Start of Data provided

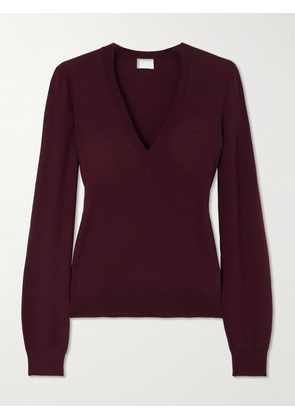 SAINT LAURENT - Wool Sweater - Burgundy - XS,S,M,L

End of Data provided
Start of Data provided

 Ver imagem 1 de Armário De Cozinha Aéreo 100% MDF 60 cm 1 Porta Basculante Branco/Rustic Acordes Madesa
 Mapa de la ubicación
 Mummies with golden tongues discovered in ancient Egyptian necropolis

End of Data provided
Start of Data provided

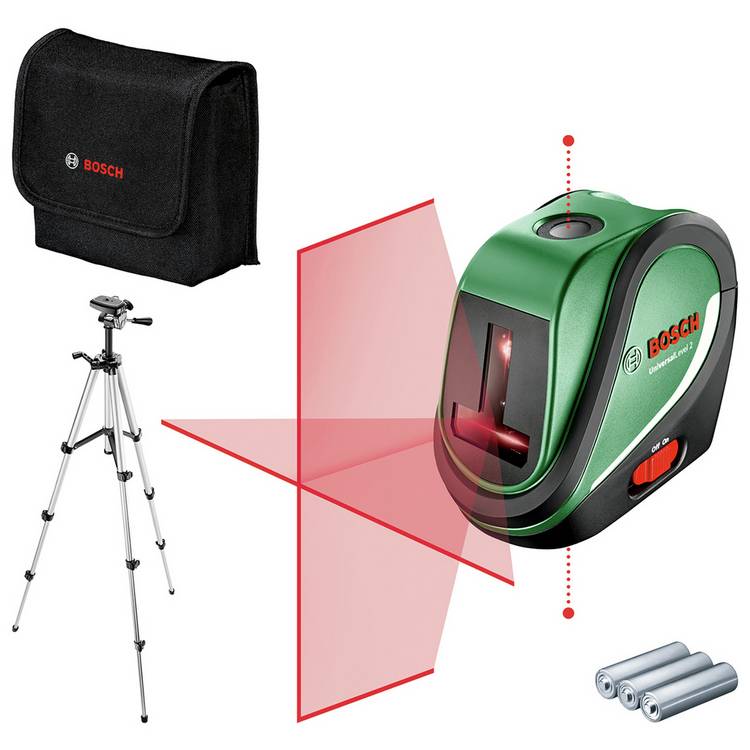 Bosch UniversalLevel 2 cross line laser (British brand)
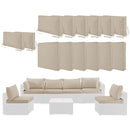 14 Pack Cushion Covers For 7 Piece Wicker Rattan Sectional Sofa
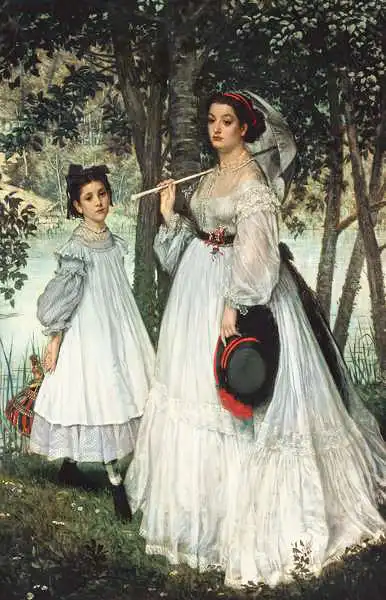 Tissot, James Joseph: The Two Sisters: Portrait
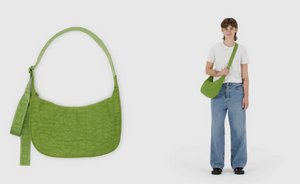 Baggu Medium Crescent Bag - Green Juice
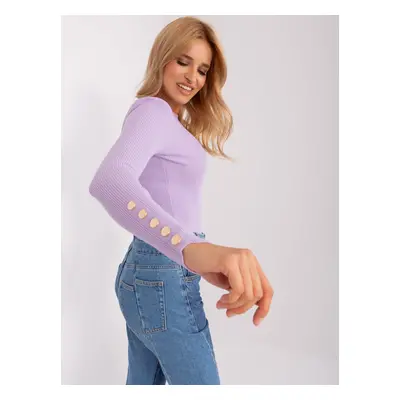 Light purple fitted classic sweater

End of Data provided

=== Activity ===
Everything from the line with "Tissot, James Joseph: The" through the line with "Light purple fitted classic sweater" in the material above should be transcribed exactly, except the pictures.

=== Problem solution ===
 Tissot, James Joseph: The Two Sisters: Portrait
 Baggu Medium Crescent Bag - Green Juice
 Light purple fitted classic sweater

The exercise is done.